++++ Entries provided

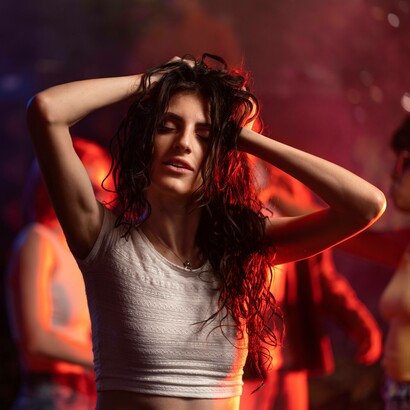 Una donna sta ballando, illuminata da luci rosse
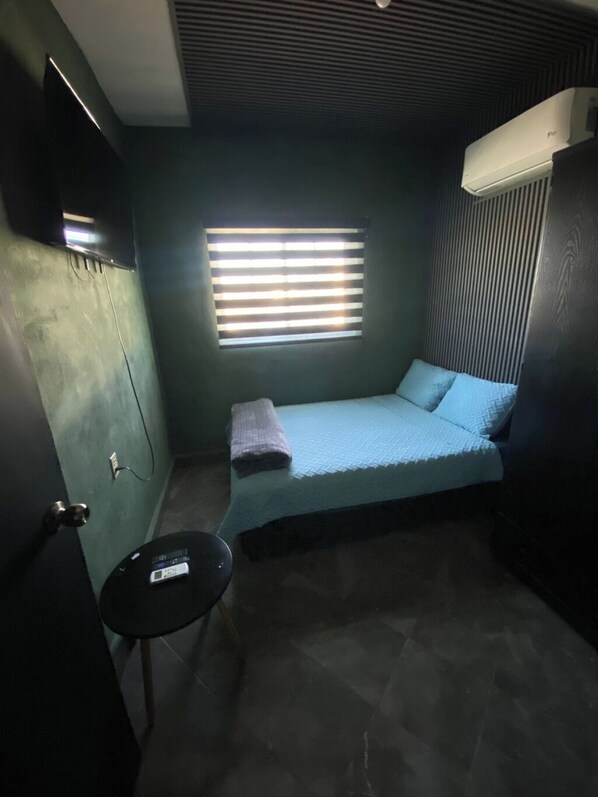 A small, dimly lit room with a single bed, a small table, and a window with blinds.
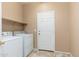 Laundry room featuring a side-by-side washer and dryer with overhead shelf storage and a door at 2329 E Ebony Dr, Chandler, AZ 85286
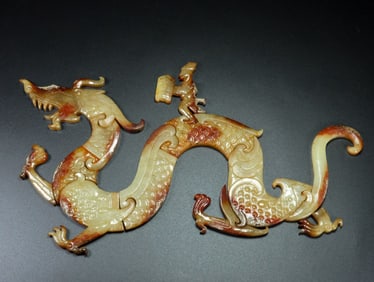 A Chinese Carved Jade Dragon Pendant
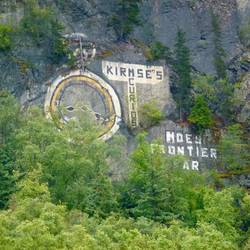 In the days before billboards advertising was paianted up on the cliff walls behid the town.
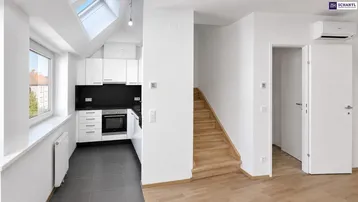 Heller offener Wohnbereich mit integrierter Küche, Holztreppe und Dachfenstern für viel Tageslicht.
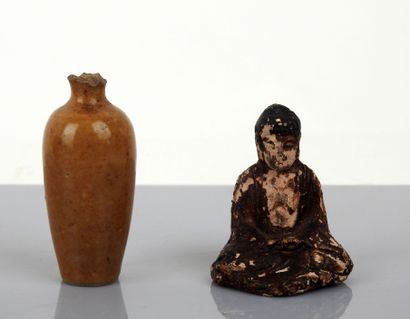 null Asie

Ensemble de 4 éléments comprenant un bouddha, deux vases en bois, et un...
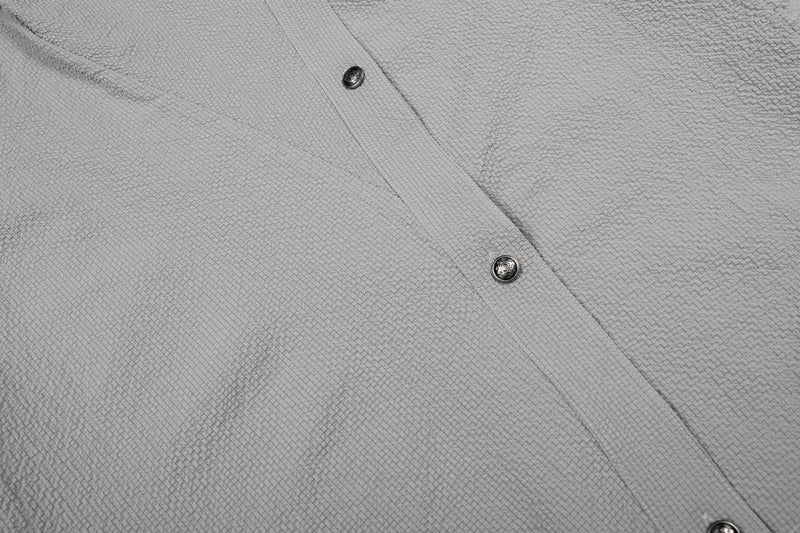 Close-up of a gray asymmetrical cotton shirt with stand collar, textured fabric, and dark button detailing
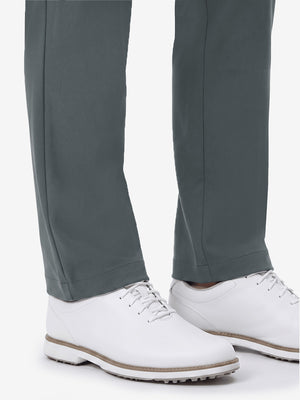 Detail view of hem and lower leg on dark gray women's regular fit stretchy golf pants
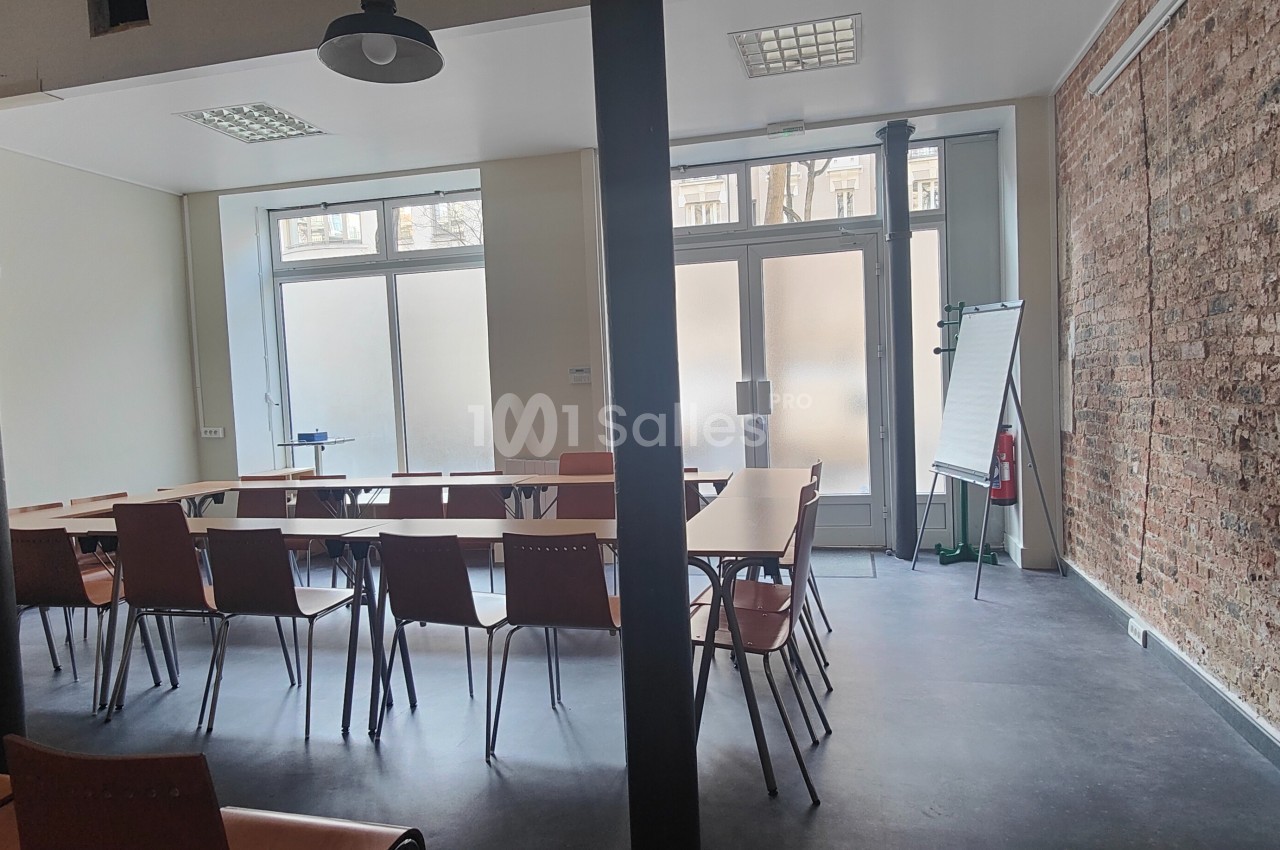 Salle de réunion lumineuse avec des tables disposées en U, des chaises, un tableau blanc et un mur en briques apparentes.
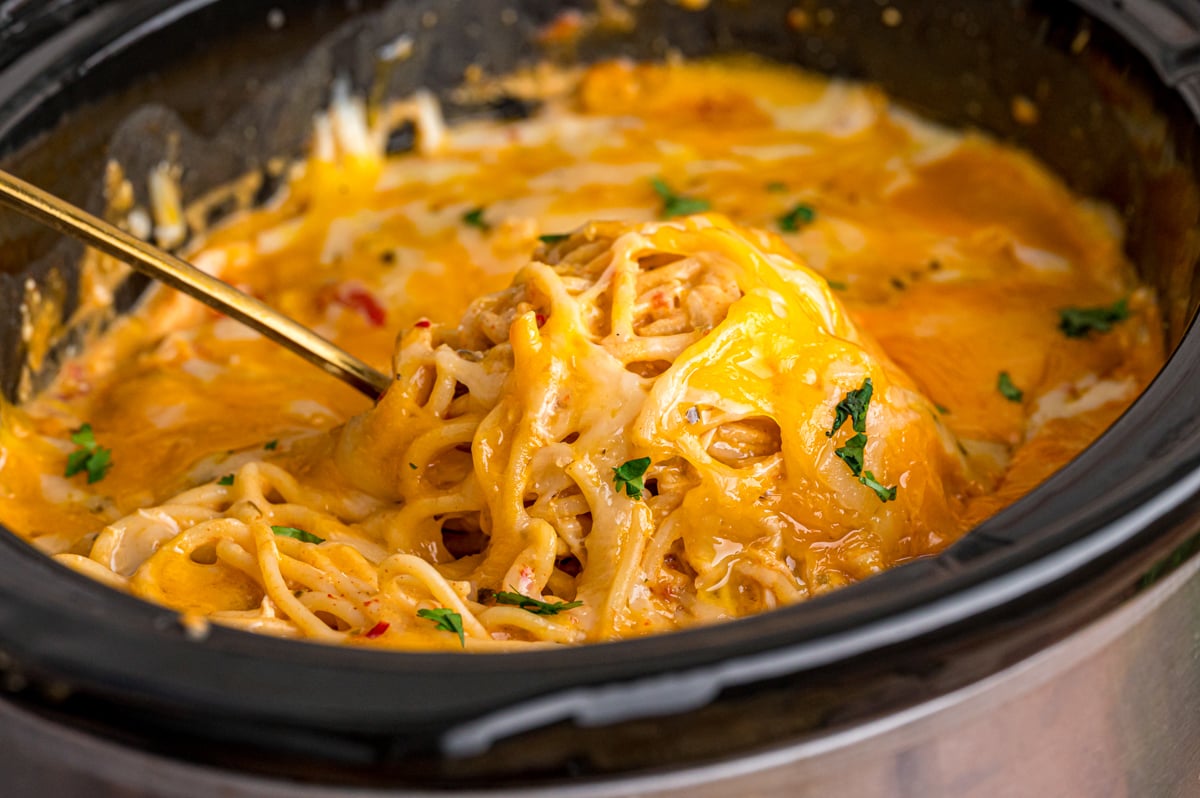 A spoon scooping cheesy spaghetti and chicken from a slow cooker.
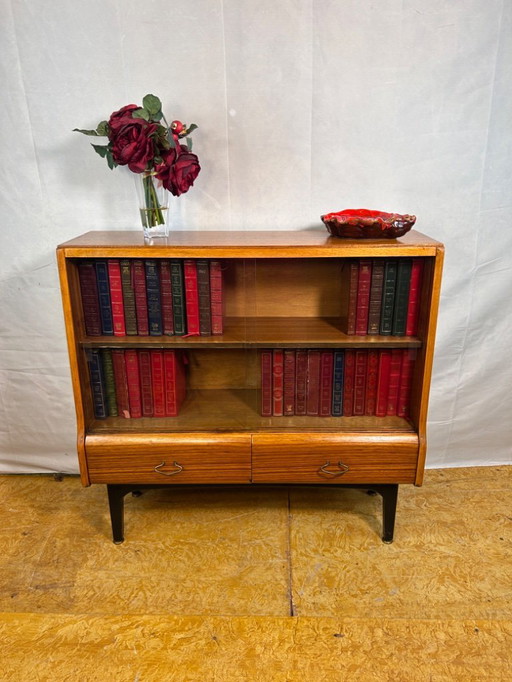 Mid-Century Retro Vintage Teak Bookcase by Jentique – 1960s  This elegant mid-century teak bookcase by Jentique fine example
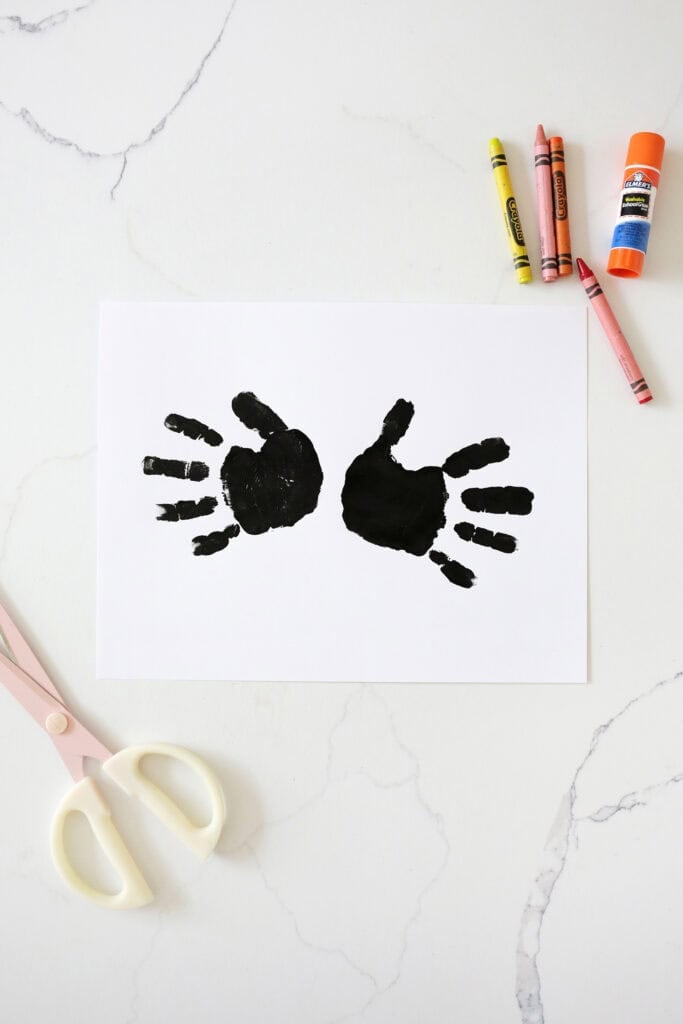 Two black handprints on a piece of paper.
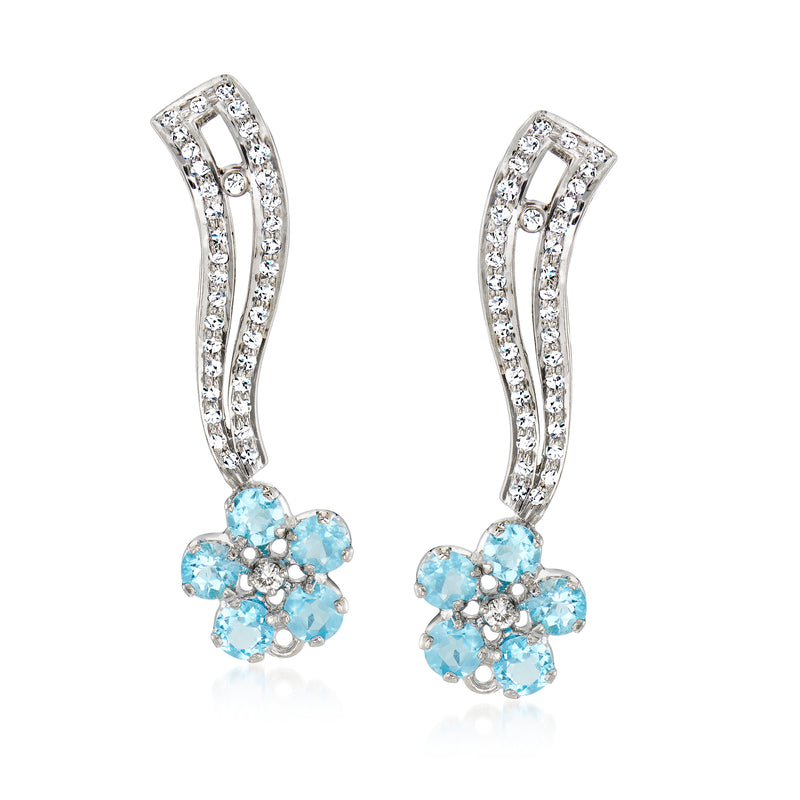 Diamond and blue topaz flower drop earrings in 18k white gold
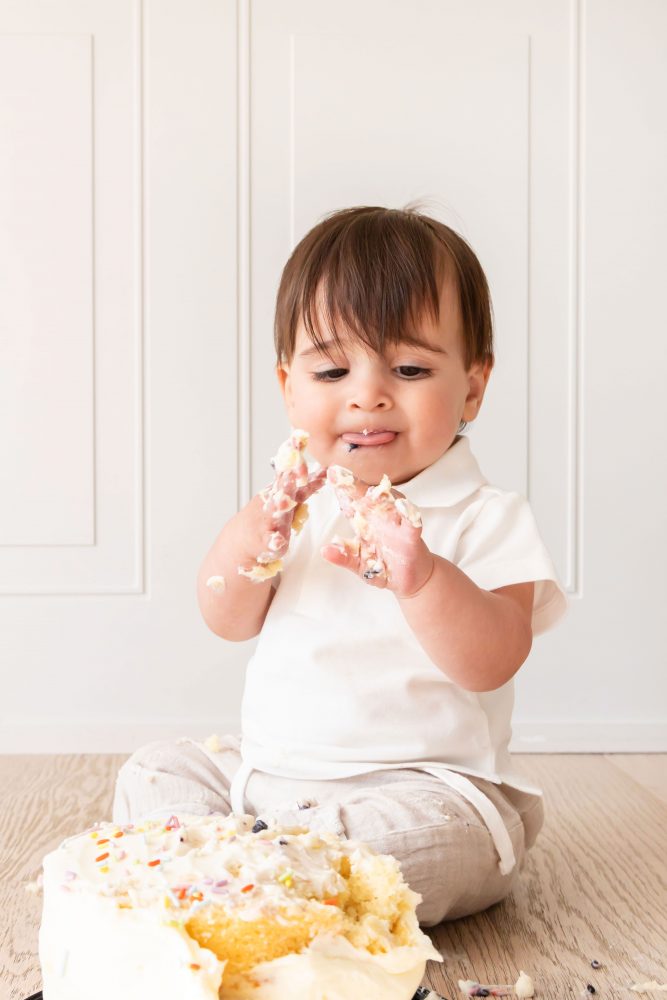Baby boy with frosting on his face smiling during a simple white cake smash photography session by Allison Liffman Photography.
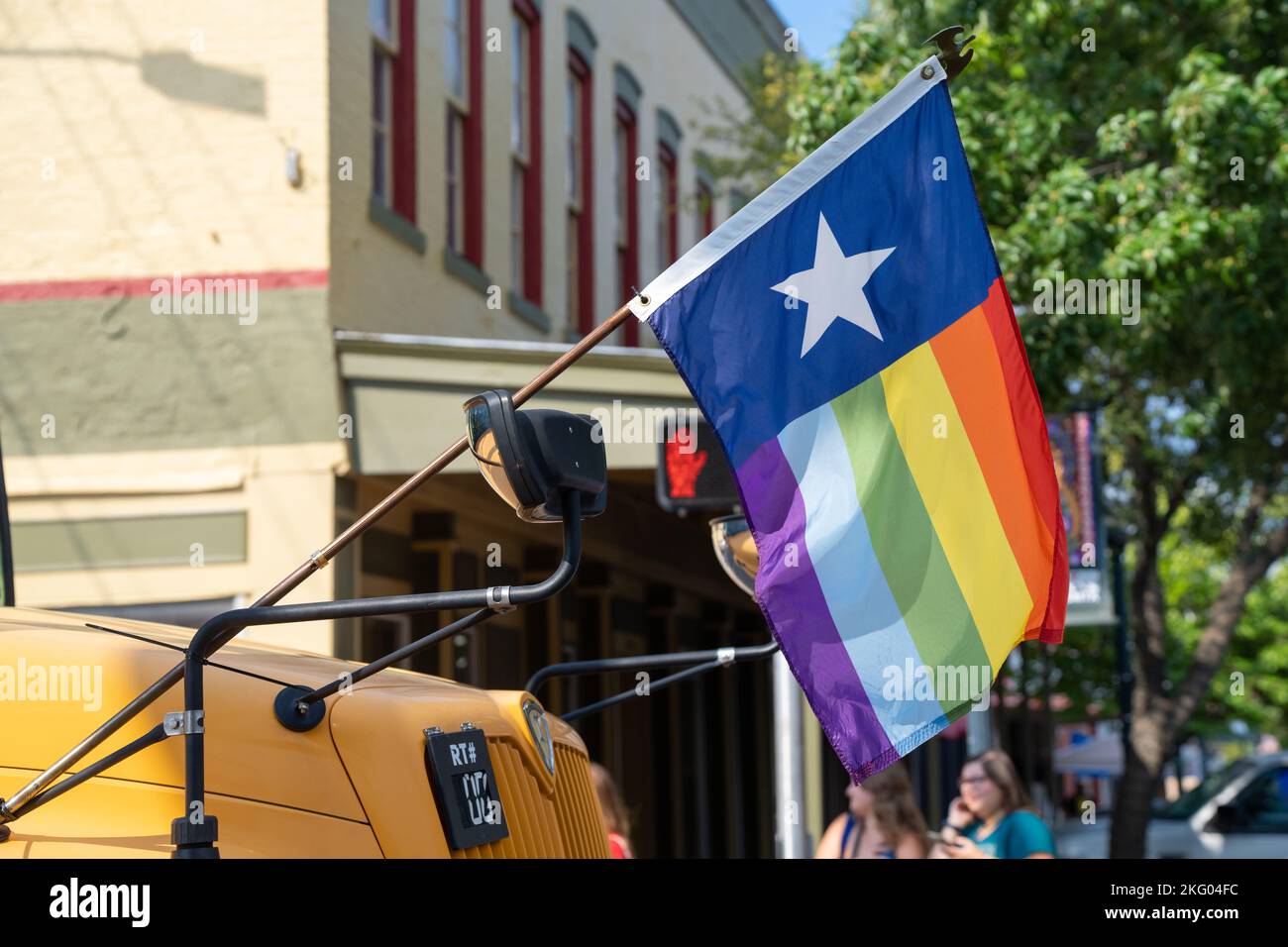 A Texas pride flag is displayed on the front of a school bus during the San Marcos Pride anti-bully parade. Stock Photo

++++++++

**Assigned task**
Nothing but the lines from the one containing "Mid-Century Retro Vintage" to the last line of the records should be returned, exactly as they appear and without pictures.

**Task output**
 Mid-Century Retro Vintage Teak Bookcase by Jentique – 1960s  This elegant mid-century teak bookcase by Jentique fine example
 Two black handprints on a piece of paper.
 Diamond and blue topaz flower drop earrings in 18k white gold
Baby boy with frosting on his face smiling during a simple white cake smash photography session by Allison Liffman Photography.
 A Texas pride flag is displayed on the front of a school bus during the San Marcos Pride anti-bully parade. Stock Photo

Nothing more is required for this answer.